I noticed that there is a question about $S$ being denumerable, which implies $S$ is equinumerous with a proper subset of itself, but what about an infinite set? That is, how to do I prove that every infinite set is equinumerous with a proper subset of itself?
[Math] Proper Subset of an Infinite Set is Equinumerous to the Set Containing It
elementary-set-theoryinfinity
Best Answer
It seems that you know how to do it if $S$ is infinite and countable (denumerable).
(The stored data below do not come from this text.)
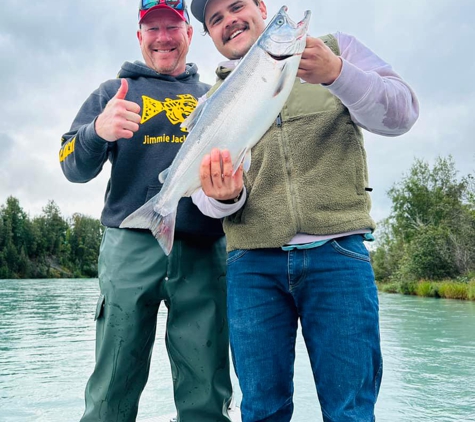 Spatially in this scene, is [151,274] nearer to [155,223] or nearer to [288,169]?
[155,223]

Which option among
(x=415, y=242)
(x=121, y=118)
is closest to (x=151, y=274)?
(x=121, y=118)

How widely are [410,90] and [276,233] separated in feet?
2.98

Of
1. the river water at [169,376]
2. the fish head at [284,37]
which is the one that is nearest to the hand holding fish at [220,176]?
the fish head at [284,37]

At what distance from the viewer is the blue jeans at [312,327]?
2.18m

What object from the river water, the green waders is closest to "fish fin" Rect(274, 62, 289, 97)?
the green waders

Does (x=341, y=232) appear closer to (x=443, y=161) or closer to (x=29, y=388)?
(x=29, y=388)

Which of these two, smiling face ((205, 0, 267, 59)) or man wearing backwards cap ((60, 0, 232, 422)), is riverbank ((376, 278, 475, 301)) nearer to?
man wearing backwards cap ((60, 0, 232, 422))

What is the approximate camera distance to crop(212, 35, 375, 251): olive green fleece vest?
2318mm

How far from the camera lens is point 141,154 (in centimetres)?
311

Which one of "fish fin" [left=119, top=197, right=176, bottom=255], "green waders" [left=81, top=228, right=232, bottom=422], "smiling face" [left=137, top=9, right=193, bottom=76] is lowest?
"green waders" [left=81, top=228, right=232, bottom=422]

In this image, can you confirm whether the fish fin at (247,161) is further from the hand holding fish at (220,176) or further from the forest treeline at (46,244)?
the forest treeline at (46,244)

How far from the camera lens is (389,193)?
1892 inches

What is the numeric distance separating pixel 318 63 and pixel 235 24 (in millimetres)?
820

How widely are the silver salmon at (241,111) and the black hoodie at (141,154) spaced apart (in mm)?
628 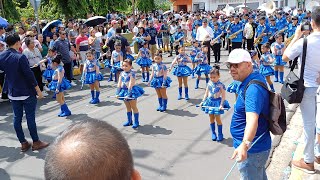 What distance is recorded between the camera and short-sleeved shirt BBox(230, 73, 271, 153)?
312 centimetres

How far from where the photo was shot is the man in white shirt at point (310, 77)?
4.03 meters

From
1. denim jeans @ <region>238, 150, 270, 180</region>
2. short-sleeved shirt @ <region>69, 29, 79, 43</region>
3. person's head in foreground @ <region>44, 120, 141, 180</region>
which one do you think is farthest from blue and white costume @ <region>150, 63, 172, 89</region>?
person's head in foreground @ <region>44, 120, 141, 180</region>

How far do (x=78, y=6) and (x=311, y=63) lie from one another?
1862 centimetres

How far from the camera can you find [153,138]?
21.6 feet

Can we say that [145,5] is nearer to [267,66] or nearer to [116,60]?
[116,60]

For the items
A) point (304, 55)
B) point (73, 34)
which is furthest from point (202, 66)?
point (73, 34)

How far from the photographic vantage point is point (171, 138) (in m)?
6.51

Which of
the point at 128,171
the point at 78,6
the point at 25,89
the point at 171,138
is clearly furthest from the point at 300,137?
the point at 78,6

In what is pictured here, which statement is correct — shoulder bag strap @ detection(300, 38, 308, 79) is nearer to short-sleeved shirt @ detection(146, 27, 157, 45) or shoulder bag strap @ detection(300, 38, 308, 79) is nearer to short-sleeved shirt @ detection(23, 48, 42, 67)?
short-sleeved shirt @ detection(23, 48, 42, 67)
Otherwise, partition $S$ into a countably infinite set $S_1$ and another set $S_2 = S \setminus S_1$. You know $S_1$ is equinumerous with a proper subset of itself - use this fact to construct a bijection between $S \equiv S_1 \sqcup S_2$ and a proper subset of itself.
ELABORATION: suppose $S_1$ is equinumerous with a proper subset $S_3$ of itself, with bijection $f: S_1 \to S_3$. Define the bijection $g:S \equiv S_1 \sqcup S_2 \to S_3 \sqcup S_2$ by $g(x) = f(x)$ for $x \in S_1$, $g(x) = x$ for $x \in S_2$ (sorry, I always forget how to do \cases). $ S_3 \sqcup S_2$ is a proper subset of $S$.